Saved data entries:
- - - -

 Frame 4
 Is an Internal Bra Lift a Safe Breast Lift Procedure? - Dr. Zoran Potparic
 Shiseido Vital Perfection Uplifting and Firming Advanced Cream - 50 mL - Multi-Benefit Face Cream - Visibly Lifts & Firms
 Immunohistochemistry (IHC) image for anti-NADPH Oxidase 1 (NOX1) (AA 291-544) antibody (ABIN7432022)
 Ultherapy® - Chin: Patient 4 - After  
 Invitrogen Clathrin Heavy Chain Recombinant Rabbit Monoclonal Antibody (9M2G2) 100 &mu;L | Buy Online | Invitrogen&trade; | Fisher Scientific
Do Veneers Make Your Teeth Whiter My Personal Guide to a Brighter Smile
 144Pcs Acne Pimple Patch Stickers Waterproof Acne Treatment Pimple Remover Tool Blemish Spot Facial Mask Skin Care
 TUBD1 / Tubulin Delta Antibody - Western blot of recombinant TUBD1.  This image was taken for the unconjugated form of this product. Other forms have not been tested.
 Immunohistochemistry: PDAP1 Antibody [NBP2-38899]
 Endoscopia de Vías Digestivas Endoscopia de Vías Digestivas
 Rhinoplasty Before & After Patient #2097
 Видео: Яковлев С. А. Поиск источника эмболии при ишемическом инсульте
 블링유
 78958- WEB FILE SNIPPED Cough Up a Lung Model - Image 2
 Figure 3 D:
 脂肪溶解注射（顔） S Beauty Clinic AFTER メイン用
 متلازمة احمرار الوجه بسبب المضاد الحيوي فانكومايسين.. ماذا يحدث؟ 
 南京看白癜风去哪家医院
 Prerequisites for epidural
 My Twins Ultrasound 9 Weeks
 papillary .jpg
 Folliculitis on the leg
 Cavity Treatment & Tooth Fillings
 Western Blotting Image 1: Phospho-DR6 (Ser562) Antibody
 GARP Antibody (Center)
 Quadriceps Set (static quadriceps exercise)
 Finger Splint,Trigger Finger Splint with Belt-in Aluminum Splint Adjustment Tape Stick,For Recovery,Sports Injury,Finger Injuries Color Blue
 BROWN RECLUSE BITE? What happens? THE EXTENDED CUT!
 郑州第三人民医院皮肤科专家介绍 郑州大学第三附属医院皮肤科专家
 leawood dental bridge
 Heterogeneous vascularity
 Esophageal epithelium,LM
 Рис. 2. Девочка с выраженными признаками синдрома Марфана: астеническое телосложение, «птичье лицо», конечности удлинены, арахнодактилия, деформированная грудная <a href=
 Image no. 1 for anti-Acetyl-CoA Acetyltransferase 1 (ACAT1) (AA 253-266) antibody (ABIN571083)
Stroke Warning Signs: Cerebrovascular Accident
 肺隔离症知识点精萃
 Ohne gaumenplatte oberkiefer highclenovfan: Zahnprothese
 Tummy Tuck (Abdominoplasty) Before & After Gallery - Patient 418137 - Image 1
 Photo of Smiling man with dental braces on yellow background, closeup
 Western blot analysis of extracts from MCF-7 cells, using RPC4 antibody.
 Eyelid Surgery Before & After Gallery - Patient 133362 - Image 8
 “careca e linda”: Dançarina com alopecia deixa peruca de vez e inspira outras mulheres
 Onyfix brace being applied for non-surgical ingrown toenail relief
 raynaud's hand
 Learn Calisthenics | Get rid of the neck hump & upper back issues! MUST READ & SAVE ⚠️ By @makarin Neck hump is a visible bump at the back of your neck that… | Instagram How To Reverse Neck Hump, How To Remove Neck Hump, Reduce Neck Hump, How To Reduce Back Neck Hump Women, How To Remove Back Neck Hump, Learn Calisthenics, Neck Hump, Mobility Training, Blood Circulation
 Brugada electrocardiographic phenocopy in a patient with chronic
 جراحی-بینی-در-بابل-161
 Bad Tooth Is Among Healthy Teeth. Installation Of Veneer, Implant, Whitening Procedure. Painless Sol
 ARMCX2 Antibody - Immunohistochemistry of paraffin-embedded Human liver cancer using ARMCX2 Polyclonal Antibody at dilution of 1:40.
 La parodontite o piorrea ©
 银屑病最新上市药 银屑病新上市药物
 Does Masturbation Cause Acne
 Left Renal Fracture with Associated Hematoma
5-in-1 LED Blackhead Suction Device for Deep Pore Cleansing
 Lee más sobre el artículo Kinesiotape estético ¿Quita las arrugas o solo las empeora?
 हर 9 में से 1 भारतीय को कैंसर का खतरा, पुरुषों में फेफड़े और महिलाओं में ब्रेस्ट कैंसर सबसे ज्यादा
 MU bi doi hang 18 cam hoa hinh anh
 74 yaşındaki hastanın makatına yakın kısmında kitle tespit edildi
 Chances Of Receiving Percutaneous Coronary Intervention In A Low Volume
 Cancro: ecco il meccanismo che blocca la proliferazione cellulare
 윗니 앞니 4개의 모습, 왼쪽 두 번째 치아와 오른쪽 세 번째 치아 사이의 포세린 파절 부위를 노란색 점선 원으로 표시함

- - - -

**What the exercise asks**
Output the lines above exactly, but only those between the line holding "papillary .jpg" and the line holding "Eyelid Surgery Before", inclusive.

**Written response**
 papillary .jpg
 Folliculitis on the leg
 Cavity Treatment & Tooth Fillings
 Western Blotting Image 1: Phospho-DR6 (Ser562) Antibody
 GARP Antibody (Center)
 Quadriceps Set (static quadriceps exercise)
 Finger Splint,Trigger Finger Splint with Belt-in Aluminum Splint Adjustment Tape Stick,For Recovery,Sports Injury,Finger Injuries Color Blue
 BROWN RECLUSE BITE? What happens? THE EXTENDED CUT!
 郑州第三人民医院皮肤科专家介绍 郑州大学第三附属医院皮肤科专家
 leawood dental bridge
 Heterogeneous vascularity
 Esophageal epithelium,LM
 Рис. 2. Девочка с выраженными признаками синдрома Марфана: астеническое телосложение, «птичье лицо», конечности удлинены, арахнодактилия, деформированная грудная <a href=
 Image no. 1 for anti-Acetyl-CoA Acetyltransferase 1 (ACAT1) (AA 253-266) antibody (ABIN571083)
Stroke Warning Signs: Cerebrovascular Accident
 肺隔离症知识点精萃
 Ohne gaumenplatte oberkiefer highclenovfan: Zahnprothese
 Tummy Tuck (Abdominoplasty) Before & After Gallery - Patient 418137 - Image 1
 Photo of Smiling man with dental braces on yellow background, closeup
 Western blot analysis of extracts from MCF-7 cells, using RPC4 antibody.
 Eyelid Surgery Before & After Gallery - Patient 133362 - Image 8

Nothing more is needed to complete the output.